For these darker marks, a mix of Permanent Mauve and Burnt Sienna is used.
These colours are all applied quite thinly with Underpainting Medium. Use enough medium so that the paint is thin and transparent but not so much that you can’t paint thin lines without the paint spreading out.
Foliage and ground areas that will be in shadow are lightly shaded with a wash of the Burnt Sienna Permanent Mauve mix. Foliage areas that will be in direct sunlight are filled with a soft wash of Lemon Yellow and Burnt Sienna. The two can be brought together in places to suggest some shadowing on the rounded bushes.
The foreground sunlit area is given a thin wash of Lemon Yellow and Winsor Red.
Economical Lemon Yellow is used in the underpainting because it is fast drying and transparent, unlike the almost identical but much more expensive colour Cadmium Yellow Light, which will be used in the upper visible layers of paint where its slow drying, opacity, mixing strength and light fastness make it a much better choice.
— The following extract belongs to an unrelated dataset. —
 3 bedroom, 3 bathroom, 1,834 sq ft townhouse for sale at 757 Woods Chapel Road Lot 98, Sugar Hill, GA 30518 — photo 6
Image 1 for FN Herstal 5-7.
At the end of this step we have a reasonably accurate drawing, and a guide as to where the major elements in the painting are. Also we have an indication of which areas are in light or shadow. So there is a lot of information here for us to progress with but it is still all quite soft and fuzzy. There is nothing that can’t be freely developed or adjusted with ease as we continue.

STEP THREE
This is the last step in the underpainting process.
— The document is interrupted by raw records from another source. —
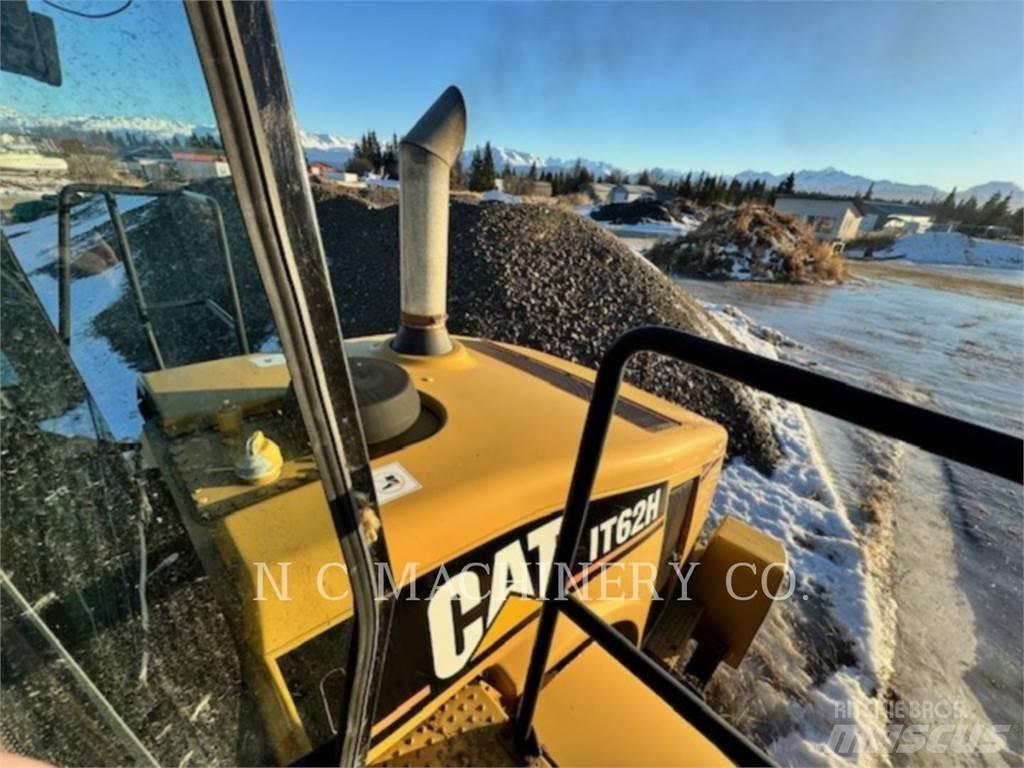 CAT IT62H Фронтальні навантажувачі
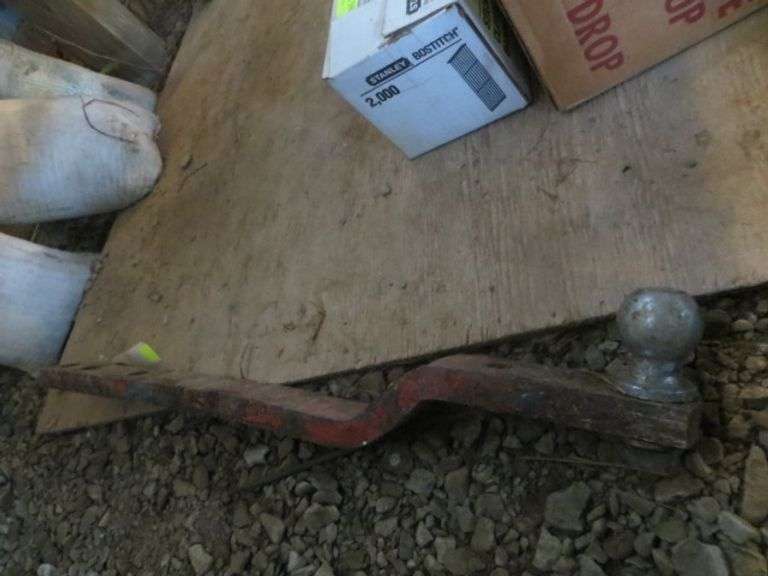 Tractor Draw Bar Lambrecht Auction, Inc.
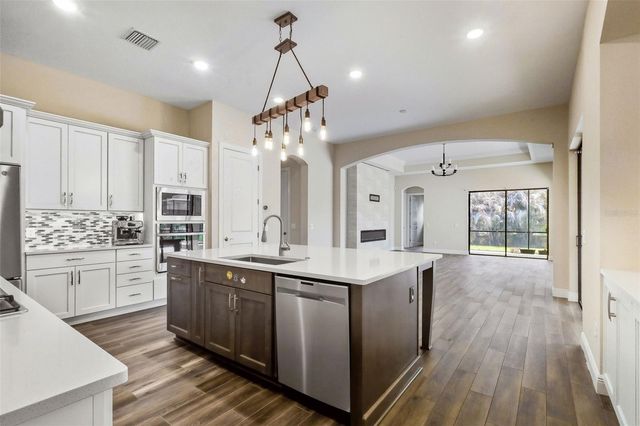 14907 TAVARES MILL AVENUE, Lithia, FL 33547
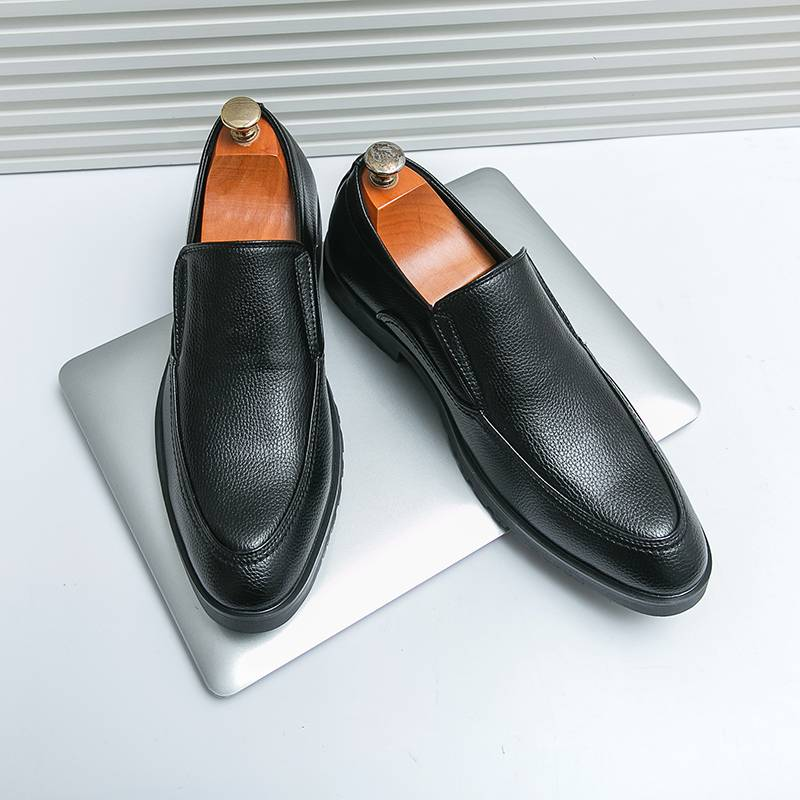 Neue, hochwertige, spitze Freizeitschuhe aus Leder für Herren, Hochzeitsschuhe mit Bullock-Fransen, ein Slip-on-Rindsledersohle, Stylist-Modeschuhe_voghion.com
This is the time to start developing focus and one of the primary means of doing that is with values and contrasts.
The part of the painting with the most impact will be the sections where the main tree meets the horizon and below that where the two front bushes meet the foreground. It is at these two points where the highest contrasts will be and they will be joined together.
This is a vibrant painting and so the value contrasts need to be extreme. The lightest lights will be almost as high value as pure white out of the tube and the darkest darks will be only a step or two above black.
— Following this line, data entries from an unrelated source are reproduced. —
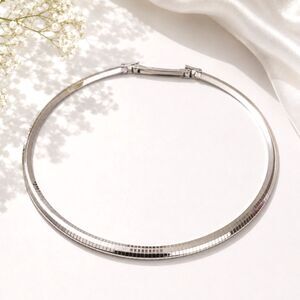 Silver Tone Omega Link Necklace with Extender
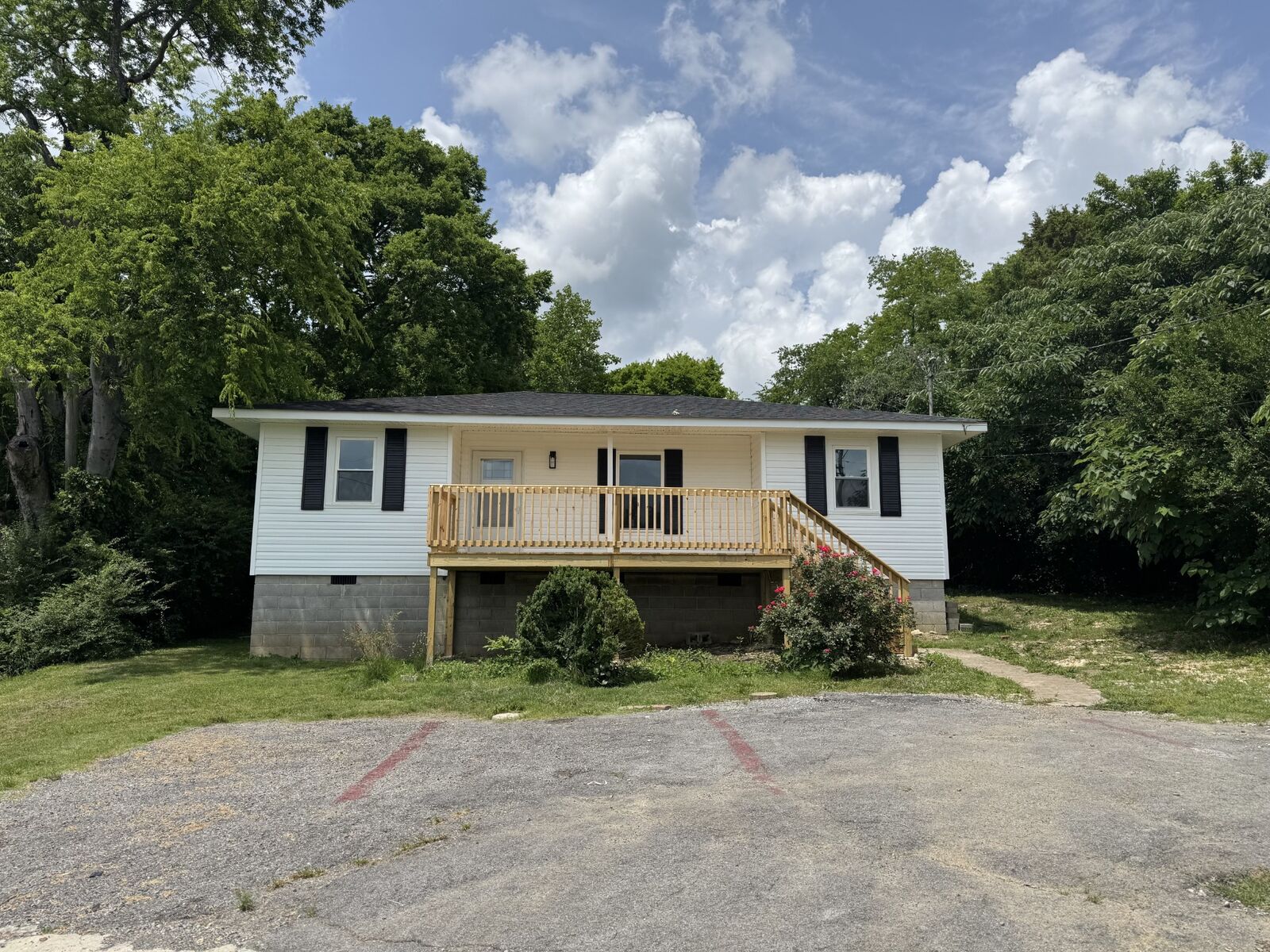 Property Photo: 505 Edison St W TN 37334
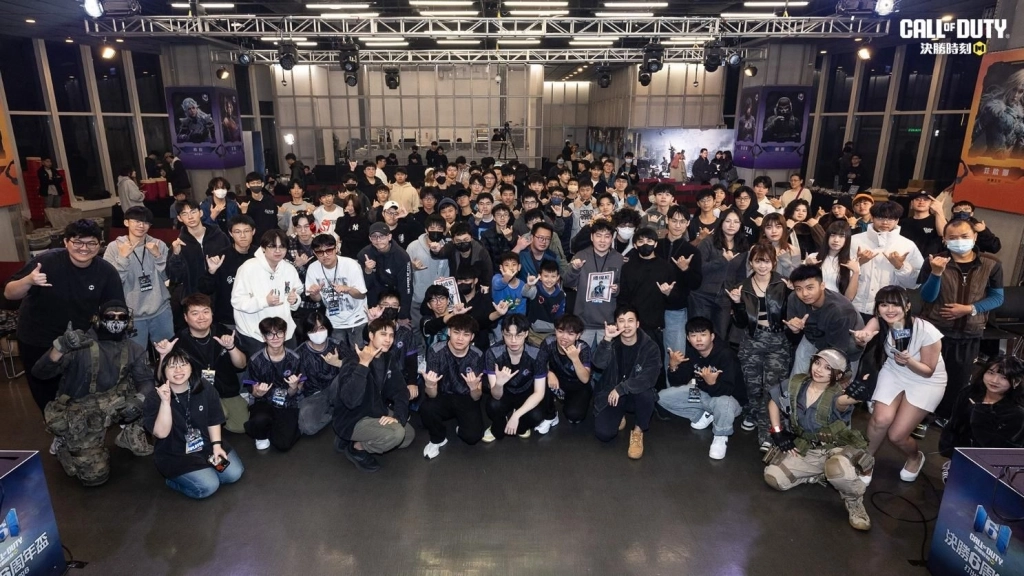 《Garena決勝時刻 Mobile》「決勝 6 周年盃」Change World 奪冠封王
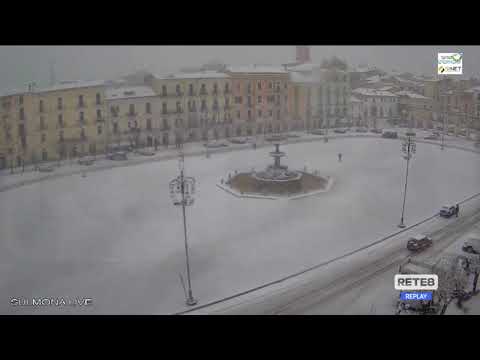 Neve a bassa quota in Abruzzo, neve a L’Aquila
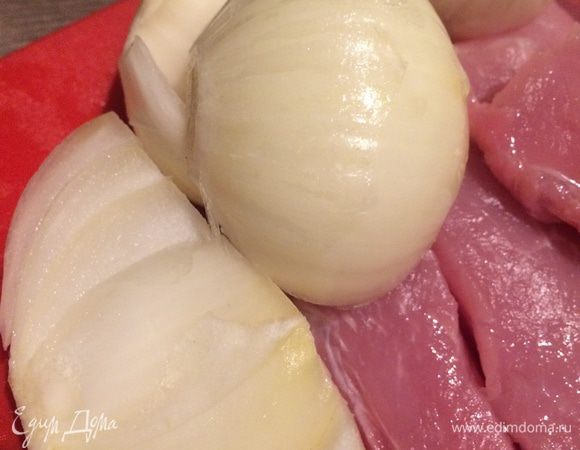 Пропустить через мясорубку мясо, лук и чеснок.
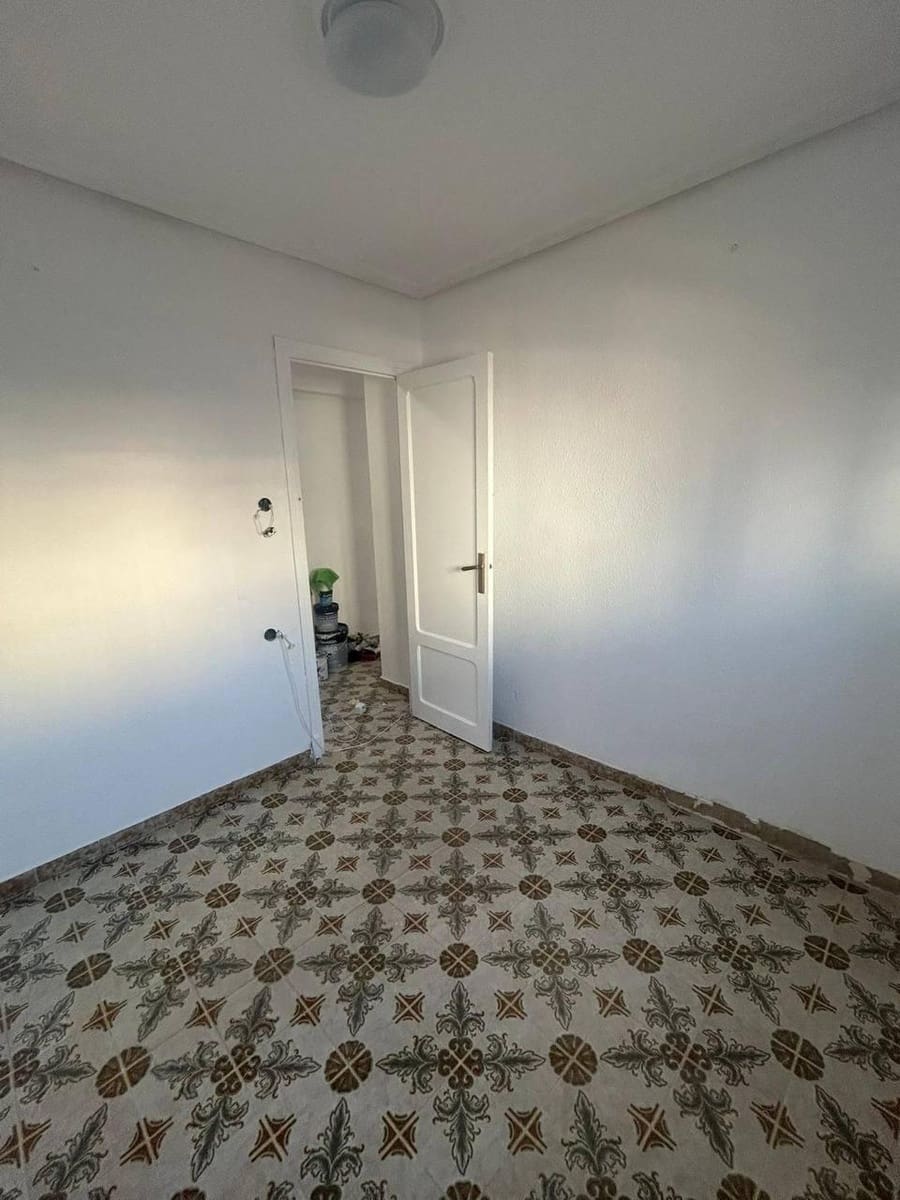 4 soveværelse Lejlighed til salg i Paterna - € 185.000 (Ref: 9806506)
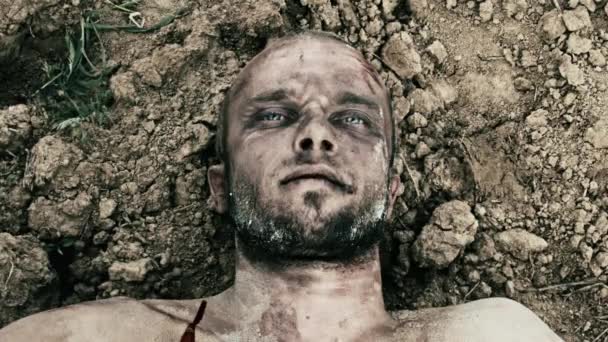 Vista Close Homem Morto Deitado Sujeira — Vídeo de Stock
These underpainting darks are mixes of Burnt Umber with a little Winsor Red and Permanent Mauve. They will tend towards purple but a lot of Burnt Umber will knock that down and make it dry really fast.If it’s too purple, a touch of Lemon Yellow in the mix will neutralize it.
Start by putting the darkest darks on the lower mass of the main tree. They should be almost black. Then work them down between and under the two front bushes. Keep the darks reasonably neutral with not too much red or blue. From that centre section, darks one or two points up the value scale are worked out through the rest of the painting.
That takes care of the darkest dark and the other dark values relative to that. The lightest light on the painting will be the lower sky and that will be placed in the next step so that can be left for now.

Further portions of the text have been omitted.